Having scripted shutting down the server and NAS, the final piece in the puzzle is to automatically shut them down when the power fails. NUT has quite a few different configuration options, including running a script on certain events. This can, however, cause an issue in the event of a brown-out or very short lived interruption and NUT bundles a tool, upssched, which will smooth these out and can be configured to trigger a handler only after a certain period without power. Doing this is described in section 7.2 “The advanced approach, using upssched” of the NUT user manual.

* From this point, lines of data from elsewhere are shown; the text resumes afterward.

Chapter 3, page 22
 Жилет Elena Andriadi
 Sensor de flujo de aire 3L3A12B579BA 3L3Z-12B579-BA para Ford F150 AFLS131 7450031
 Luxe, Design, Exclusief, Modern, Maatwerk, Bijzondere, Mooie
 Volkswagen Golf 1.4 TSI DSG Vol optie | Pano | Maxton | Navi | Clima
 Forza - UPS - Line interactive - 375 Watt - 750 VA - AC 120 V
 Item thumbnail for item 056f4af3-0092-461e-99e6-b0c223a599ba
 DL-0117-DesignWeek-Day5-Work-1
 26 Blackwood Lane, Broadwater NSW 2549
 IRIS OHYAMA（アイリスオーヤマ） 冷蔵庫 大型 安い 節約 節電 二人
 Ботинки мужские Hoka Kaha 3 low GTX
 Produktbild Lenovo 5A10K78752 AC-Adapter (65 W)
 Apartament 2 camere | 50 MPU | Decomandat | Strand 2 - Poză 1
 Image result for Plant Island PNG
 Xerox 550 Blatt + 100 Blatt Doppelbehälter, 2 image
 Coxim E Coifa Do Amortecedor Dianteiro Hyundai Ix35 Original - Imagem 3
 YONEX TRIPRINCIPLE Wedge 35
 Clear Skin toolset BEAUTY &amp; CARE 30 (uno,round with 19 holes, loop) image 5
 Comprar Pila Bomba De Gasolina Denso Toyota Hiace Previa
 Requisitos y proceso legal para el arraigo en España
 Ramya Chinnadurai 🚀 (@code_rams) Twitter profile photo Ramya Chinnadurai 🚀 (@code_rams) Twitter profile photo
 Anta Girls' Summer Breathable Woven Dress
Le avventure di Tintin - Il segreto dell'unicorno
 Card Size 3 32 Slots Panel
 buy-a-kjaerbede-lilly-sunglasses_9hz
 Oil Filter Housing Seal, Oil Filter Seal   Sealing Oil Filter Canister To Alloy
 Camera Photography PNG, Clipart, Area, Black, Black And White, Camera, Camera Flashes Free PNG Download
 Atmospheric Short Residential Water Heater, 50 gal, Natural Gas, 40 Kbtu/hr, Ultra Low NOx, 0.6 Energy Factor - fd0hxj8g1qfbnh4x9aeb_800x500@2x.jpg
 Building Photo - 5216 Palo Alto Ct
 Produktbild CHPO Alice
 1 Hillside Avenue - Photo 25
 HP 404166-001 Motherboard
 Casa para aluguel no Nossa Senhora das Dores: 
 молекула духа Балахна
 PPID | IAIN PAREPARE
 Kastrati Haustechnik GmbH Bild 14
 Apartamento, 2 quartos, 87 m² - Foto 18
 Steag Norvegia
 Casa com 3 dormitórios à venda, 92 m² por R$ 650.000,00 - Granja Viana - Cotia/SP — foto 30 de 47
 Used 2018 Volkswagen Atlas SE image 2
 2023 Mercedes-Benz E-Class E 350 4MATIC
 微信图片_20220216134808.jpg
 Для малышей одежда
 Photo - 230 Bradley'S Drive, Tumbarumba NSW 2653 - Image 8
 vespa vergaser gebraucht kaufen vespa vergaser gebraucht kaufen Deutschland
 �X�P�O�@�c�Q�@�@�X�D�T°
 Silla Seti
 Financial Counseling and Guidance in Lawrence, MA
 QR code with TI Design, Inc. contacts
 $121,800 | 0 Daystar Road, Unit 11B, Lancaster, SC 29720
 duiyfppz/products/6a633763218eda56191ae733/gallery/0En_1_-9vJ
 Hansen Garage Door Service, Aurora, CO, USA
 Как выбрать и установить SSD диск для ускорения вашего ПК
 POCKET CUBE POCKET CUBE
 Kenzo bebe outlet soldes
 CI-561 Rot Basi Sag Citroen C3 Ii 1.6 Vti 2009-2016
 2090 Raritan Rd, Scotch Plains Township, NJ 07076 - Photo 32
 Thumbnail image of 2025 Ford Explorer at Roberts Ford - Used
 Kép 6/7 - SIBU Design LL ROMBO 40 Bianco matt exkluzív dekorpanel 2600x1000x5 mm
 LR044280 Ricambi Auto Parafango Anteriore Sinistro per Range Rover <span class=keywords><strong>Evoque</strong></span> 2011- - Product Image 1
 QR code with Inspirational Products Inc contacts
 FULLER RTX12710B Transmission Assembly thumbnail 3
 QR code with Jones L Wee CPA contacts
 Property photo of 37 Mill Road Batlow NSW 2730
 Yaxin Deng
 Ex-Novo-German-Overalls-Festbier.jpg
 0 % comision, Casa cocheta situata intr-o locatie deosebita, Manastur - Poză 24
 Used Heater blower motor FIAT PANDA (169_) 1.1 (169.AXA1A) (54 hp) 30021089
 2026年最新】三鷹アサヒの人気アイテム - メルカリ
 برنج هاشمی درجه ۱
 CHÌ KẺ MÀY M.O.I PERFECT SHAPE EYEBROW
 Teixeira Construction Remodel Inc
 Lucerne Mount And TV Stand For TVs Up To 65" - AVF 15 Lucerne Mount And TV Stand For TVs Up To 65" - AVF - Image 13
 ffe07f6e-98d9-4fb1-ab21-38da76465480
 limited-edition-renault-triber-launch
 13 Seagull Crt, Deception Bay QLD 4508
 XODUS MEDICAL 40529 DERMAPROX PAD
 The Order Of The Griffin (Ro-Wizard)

The first step I did was to configure NUT to run upssched when an event occurs. This is done by setting NOTIFYCMD to be the upssched program and setting the EXEC flag on each event in /etc/upsmon.conf on the master (although I presume it would work anywhere, the master is guaranteed to remain up longest - or the clients would not be able to continue monitoring it):

NOTIFYCMD /sbin/upssched
NOTIFYFLAG ONLINE SYSLOG+EXEC
NOTIFYFLAG ONBATT SYSLOG+WALL+EXEC
NOTIFYFLAG LOWBATT SYSLOG+WALL+EXEC
NOTIFYFLAG COMMOK SYSLOG+EXEC
NOTIFYFLAG COMMBAD SYSLOG+WALL+EXEC
NOTIFYFLAG REPLBATT SYSLOG+WALL+EXEC
NOTIFYFLAG NOCOMM SYSLOG+WALL+EXEC

Next I configured upssched, firstly creating a handler script (/usr/local/sbin/nut-upssched-handler) which will shutdown my servers:

#!/bin/bash

case $1 in

  onbatt)
    logger -t nut-upssched-handler "The UPS has been gone for awhile - shutting down servers and NAS devices"
    # Do the shutdown...

    # Shutdown servers
    /usr/local/sbin/nut-shutdown-hp-microserver my-servers-ilo.home.domain.tld
    # Check shutdown succeeded before shutting down NAS
    if [[ $? -ne 0 ]]
    then
      logger -p user.err -t nut-upssched-handler "Shutdown of servers failed, not proceeding to shutdown NAS"
      exit 1
    fi

    # Shutdown NAS
    /usr/local/sbin/nut-shutdown-readynas ready_nas_hostname.home.domain.tld
    ;;

  notify-*)
    event=$( echo $1 | sed 's/^notify-//; s/-/ /g' )
    logger -t nut-upssched-handler "Notification for event $event triggered."
    echo "UPS notification - event $event has been triggered." | mail -s "UPS $event" root@localhost
    ;;

  *)
    logger -t nut-upssched-handler "Unrecognized command: $1"
    ;;

esac

Then I created a secure directory for the lock and pipe files - note the comments in the manual and upssched.conf man pages regarding the need to secure these:

mkdir -p /var/run/nut/upssched
chown -R nut:nut /var/run/nut
chmod 750 /var/run/nut/upssched

And finally created the configuration file for upssched:

CMDSCRIPT /usr/local/sbin/nut-upssched-handler

# This sets the file name of the FIFO that will pass communications between
# processes to start and stop timers.  This should be set to some path where
# normal users can't create the file, due to the possibility of symlinking
# and other evil.
PIPEFN /var/run/nut/upssched/upssched.pipe
LOCKFN /var/run/nut/upssched/upssched.lock

# Trigger early shutdowns after being on battery for 15s
AT ONBATT * START-TIMER onbatt 15
AT ONLINE * CANCEL-TIMER onbatt

# Notifications
AT ONLINE * EXECUTE notify-online
AT ONBATT * EXECUTE notify-on-battery
AT LOWBATT * EXECUTE notify-low-battery
AT COMMOK * EXECUTE notify-communication-restored
AT COMMBAD * EXECUTE notify-communication-lost
AT REPLBATT * EXECUTE notify-replace-battery
AT NOCOMM * EXECUTE notify-unavailable

Testing

The final step is to test this - I tested the server and NAS shutdown scripts as I wrote them, so the only test remaining was the power-failure test. This I did by simply turning off the UPS plug at the wall - monitoring the system and mail log to ensure the notifications were logged and sent and then, after 15s, watching the server and NAS shutdown in sequence before I turned the power back on.